「こんまり」こと近藤麻理恵は、今や「片づけ」プロフェッショナルとして、世界で最も知られる日本人の一人となりました。麻理恵さんの世界進出の戦略を手掛けてきたのがプロデューサーであり夫でもある私、川原卓巳でした。初めて書き下ろした書籍『Be Yourself』では、麻理恵さんと二人で歩いてきた「自分らしく輝く」ための道のりをご紹介しています。
今回は僕と同じように、人や作品の才能を引き出す仕事で日本第一線の編集者でもある佐渡島庸平さんとの対談「“こんまり”を支える川原さんに聞く、熱狂を生むプロデュース」を紹介します。前編では佐渡島さんがプロデュースの本質について語ってくれました(詳細は「トップ編集者が語る!「本来の姿」を見いだすことこそ真のプロデュース」)。今回はその後編(構成:宮本恵理子)。

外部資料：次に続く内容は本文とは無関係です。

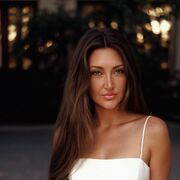  ,   Hanna, 37 ,   ,   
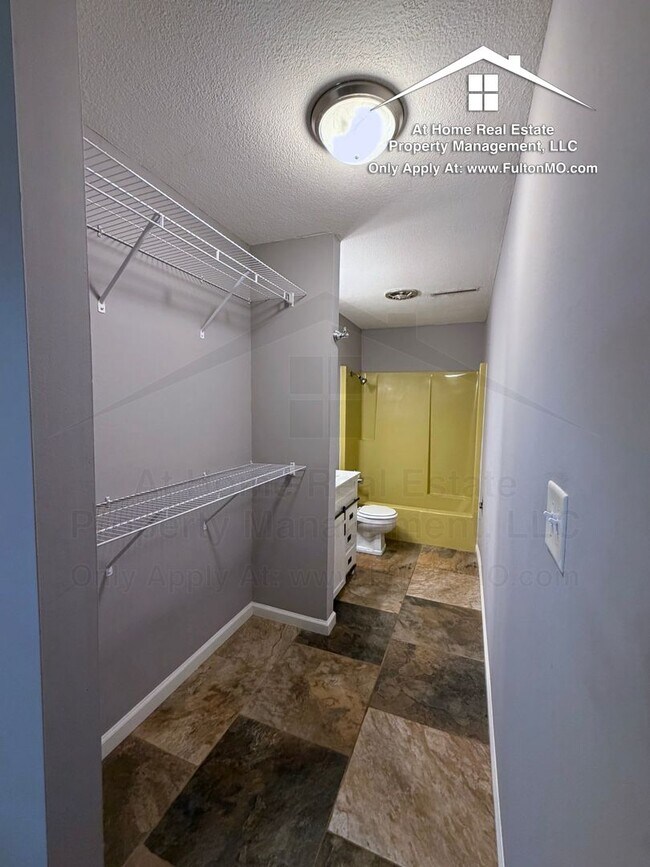 Building Photo - 107 Spruce Dr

佐渡島庸平さん(写真下)は、編集者として『ドラゴン桜』『働きマン』『宇宙兄弟』などのメガヒット作を世に送り出してきた。現在はクリエイターのエージェント会社である株式会社コルクで代表取締役を務めています

佐渡島庸平さん(以下、佐渡島):Netflixの番組制作では、ドキュメンタリーに参加する人たちの選定から演出まで、コンテンツにかなり深く関わったと聞きました。

川原卓巳さん(以下、川原):こんまりメソッドによる片づけを希望する60人超から送られてきた応募ビデオを観て、「本気で人生を変えたいと思っている人」だけを選びました。

 僕は誰よりも麻理恵さんの才能を深く理解している自信があるから、どういう人と組み合わせたらおもしろい化学変化が起こるのかを、高い精度で予測できるんです。その強みは発揮できたと思います。

佐渡島:作品の使用権を許諾するだけではなく、撮影現場で番組の中身に対してもかなり深く入り込んだというのがすごいですね。しかも、こんまりさんのブランド価値を高めることと、コンテンツとしての質を高めることを両立させながら。

 僕が経営するコルクでも、海外との交渉では、プロデューサーとして入れるかどうかを条件にすることが多いんですが、コンテンツパワーが強くないと、なかなか厳しいというのが実情です。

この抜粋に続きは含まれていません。